Apply all 16 combinations of logic LOW and HIGH levels to the inputs using the 4 switches and observe the output if the parity checker works correctly.
Take a screenshot of your circuit for submission later.
https://www.tinkercad.com/things/dAlAftMLTE7-csc347-lab-4-parity-generator-and-checker-pt-2/editel?sharecode=EGSheR_BL9-IiQRMB-ySo7r1bQFPszMMHoO_C0L5A10
Connect your odd parity generator to your parity checke
On the right breadboard, remove the 4 wires (x, y, z, P) from the switches, and reconnect them to the (x, y, z, P) on the bottom breadboard.
Apply all 8 combinations of logic LOW and HIGH levels to the inputs using the 3 switches on the left bread board and observe the output E. What is the value of E for each input combination? Why?
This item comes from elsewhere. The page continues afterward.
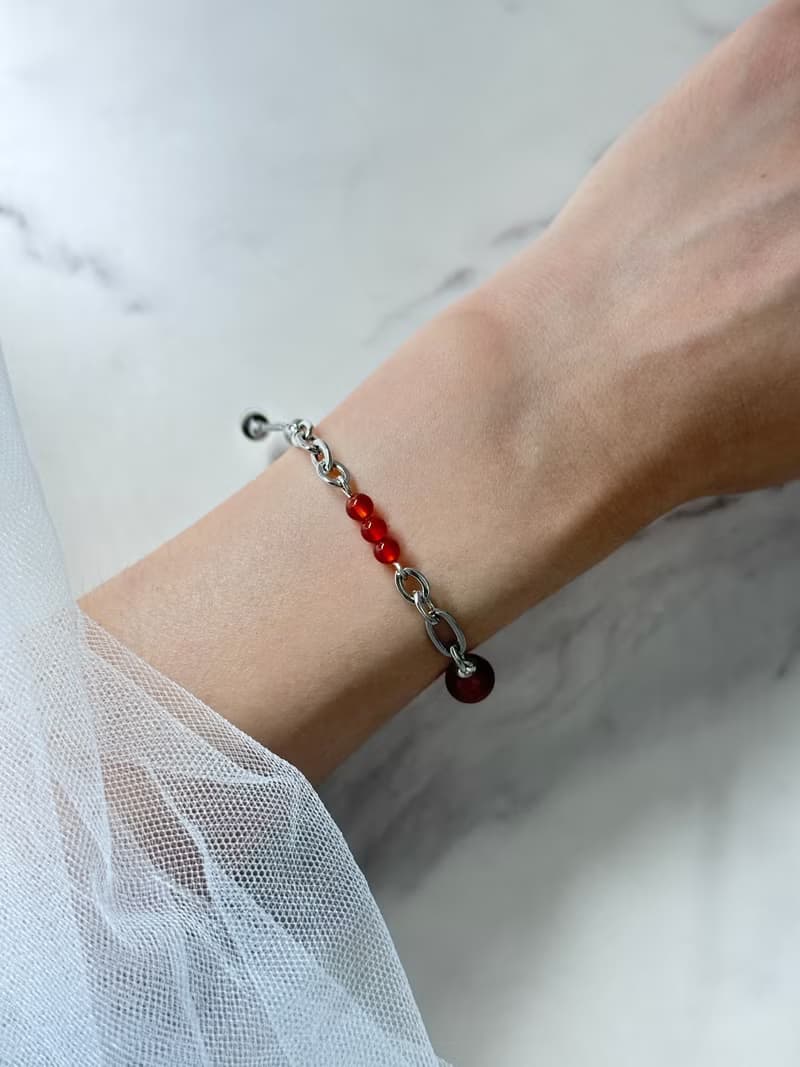 浪漫火族公主瑪瑙手鍊 - 醫療鋼/紅瑪瑙/金曜石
Turn on the red switch on the bottom breadboard, then apply all 8 combinations of logic LOW and HIGH levels to the inputs using the 3 switches on the left bread board and observe the output E. What is the value of E for each input combination? Why?
Take a screenshot of your circuit for submission later.
https://www.tinkercad.com/things/60MTD3yI5IC-copy-of-csc347-lab-4-parity-generator-and-checker-pt-2/editel?sharecode=-4wbOZWv2FeAMHPAaWy2YQMNnwO-ZNXo0e5blsQg3ZE
Homework: design and build a 4-bit even parity generator and the corresponding 5-bit even parity checker. For the 5-bit checker, you need 5 switches so replace the DIP switch with a larger one.